The self-bootstrapping header and the alignment are not present, when the Chronicle Map is not persisted to disk.

  1. The global mutable state.

The alignment to the next page boundary by addresses (page size of the current memory mapping), if a new Chronicle Map is created, if an existing one (i. e. persisted) is loaded, the alignment is read from the global mutable state (specifically this field of the global mutable state is actually immutable, once written).

The purpose of this alignment is to minimize the number of pages spanned by the following segment headers area. The segment headers area is frequently accessed and updated, so the pages it spans almost always reside in TLB cache and always need to be flushed to the disk.

The alignment (more precisely, the offset to the next area, the segment headers area) is stored in the global mutable state, rather then computed each time a mapped Chronicle Map store is accessed, because other accessing file systems, operation systems and Chronicle Map implementations may use a different page size for memory mapping.

  1. The segment headers area.
  2. The main segments area.
  3. Zero or several extra tier bulks.

The process of initialization of the Chronicle Map's memory is described on Initialization Order page.

Self-bootstrapping header

The concept is described in Self Bootstrapping Data specification.

The structure of this area is described in Size Prefixed Blob specification. The first 8 bytes contains the hash value of bytes sequence from 9th byte to the end of this size-prefixed blob, computed by xxHash algorithm (XXH64 version). The "message" is marked as user data (i. e. the user/meta data bit is set to 0).

The self-bootstrapping header itself (i. e. the "message" of the size-prefixed blob) is encoded in Text Wire format. Once created, this header is never changed. It contains all configurations, immutable for Chronicle Map during the data store lifetime: number of segments, various sizes, offsets, etc.
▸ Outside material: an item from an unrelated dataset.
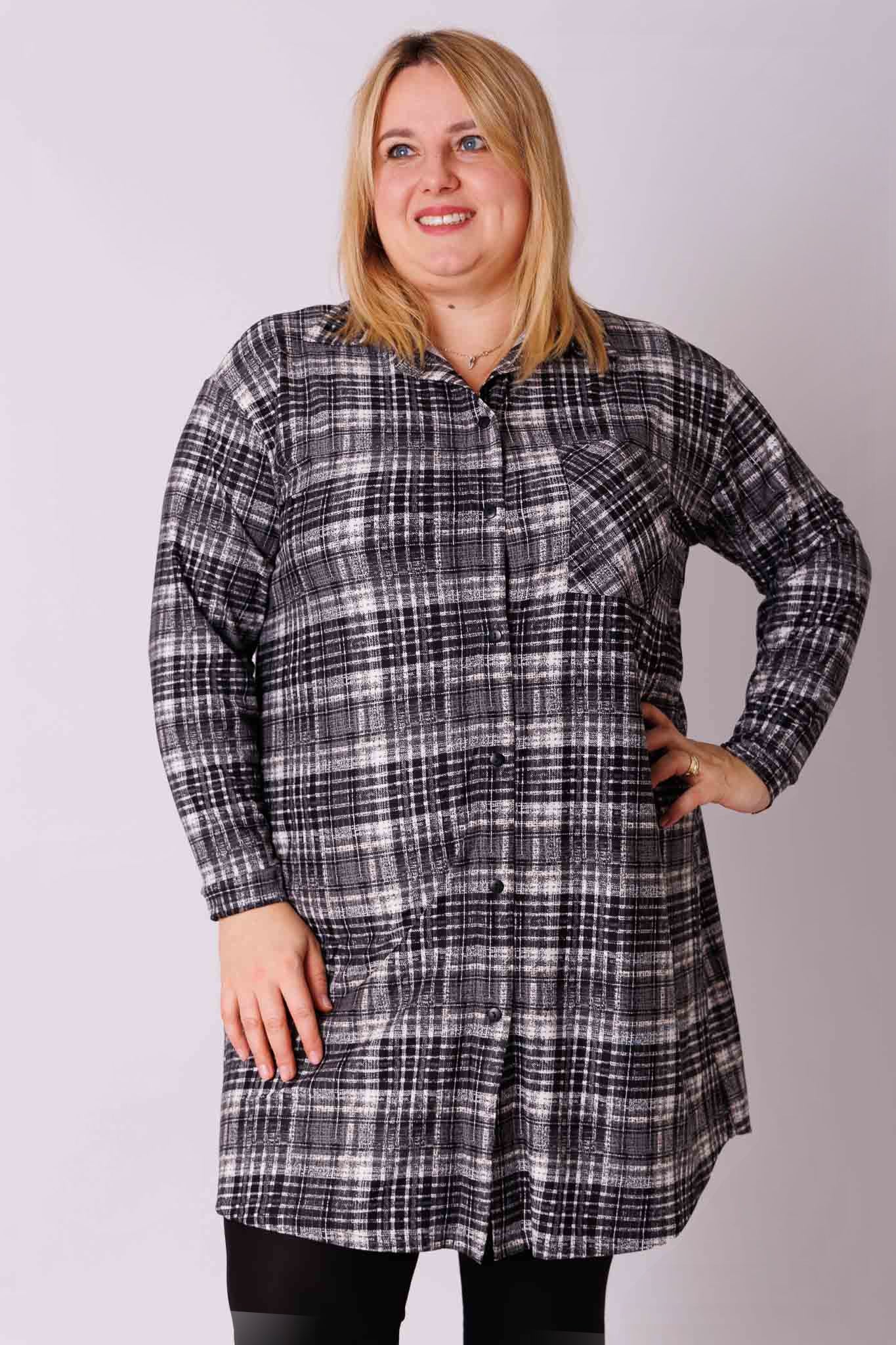 Blouse Tonny A-lijn ruit kimo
See the specification of the fields on Map Header Fields page.

Global mutable state

The global mutable state is 33 bytes long.
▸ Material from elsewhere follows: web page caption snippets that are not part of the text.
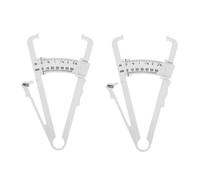 UPKOCH 2 pièces Pince de Mesure de Graisse Corporelle Étrier Compact Antidéchirure pour Plis Cutanés Échelle Précise et Outil Portable pour Évaluer Taux de Graisse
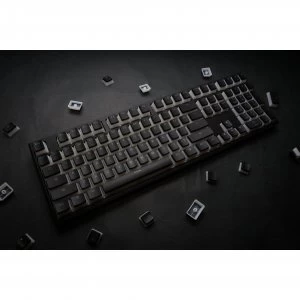 Image of Ducky One 2 Pudding Edition RGB LED Double Shot PBT Blue Cherry MX Mechanical Keyboard - Black/White (DKON1808ST-CUSPDAZTP) (US Layout)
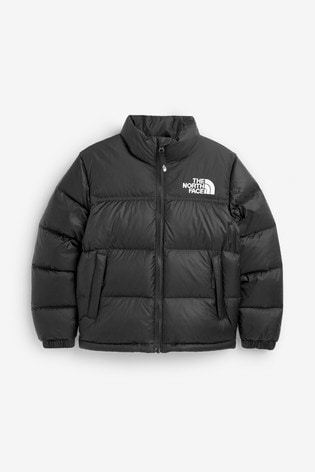 black north face jacket puffer
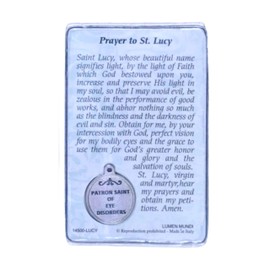 Healing Saints Card with Medal St. Lucy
  1. Bytes 0..7 - the global mutable state lock, a lock structure.

The lock structure supports three levels of locking, while for the segment header only exclusive (the write lock) level is used. This is done for sharing the lock implementation for the global mutable state and segment headers (see below).

  1. Bytes 8..10 - the number of allocated extra tier bulks. An unsigned 24-bit value, stored in the little-endian order.
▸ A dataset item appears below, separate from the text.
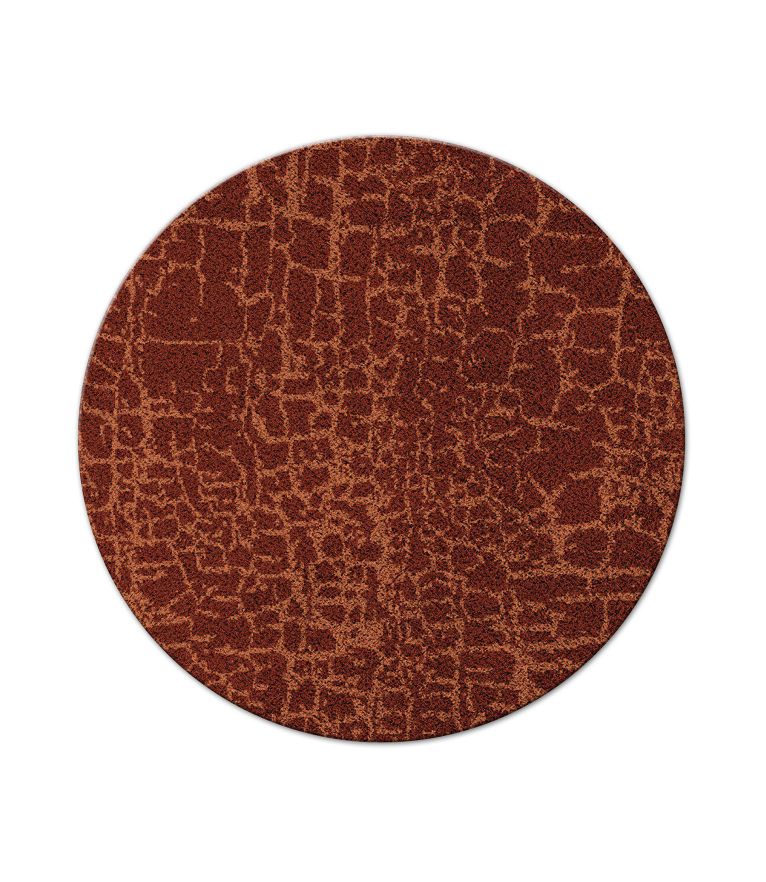 Himba Round Rug - With Natural Wool and Botanical Silk - Home'Society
See also the extra tier bulk allocation operation. 3. Bytes 11..15 - the index of the first free segment tier. An unsigned 40-bit value, stored in the little-endian order. Extra segment tiers are allocated in bulks, so there is usually a chain of allocated, but unused yet segment tiers. This field points to the head of this chain, or has value 0, if there are no free segment tiers.

Tier index

Tier index is 1-counted from the beginning of the main segments area, and counting continues in the extra tier bulks, i. e. the first tier of the segment #0 has tier index 1, the first tier of the segment #1 has tier index 2, ... the first tier of the last segment (it's index is actualSegments − 1) has tier index actualSegments, the first tier of the first extra tier bulk has tier index actualSegments + 1, etc. Tier indexes are 1-counted, because value 0 has some special meaning. 4. Bytes 16..20 - the number of used extra segment tiers. An unsigned 40-bit value, stored in the little-endian order. 5. Bytes 21..24 - the offset of the segment headers area from the beginning of the memory of this Chronicle Map store. An unsigned 32-bit value, stored in the little-endian ordered. This field determines the size of the 4th area of the general Chronicle Map structure. 6. Bytes 25..32 - the Chronicle Map data store size, the offset to the end of the [main segments area](#main-segments area) or the last extra tier bulk. A non-negative 64-bit value, stored in the little-endian order.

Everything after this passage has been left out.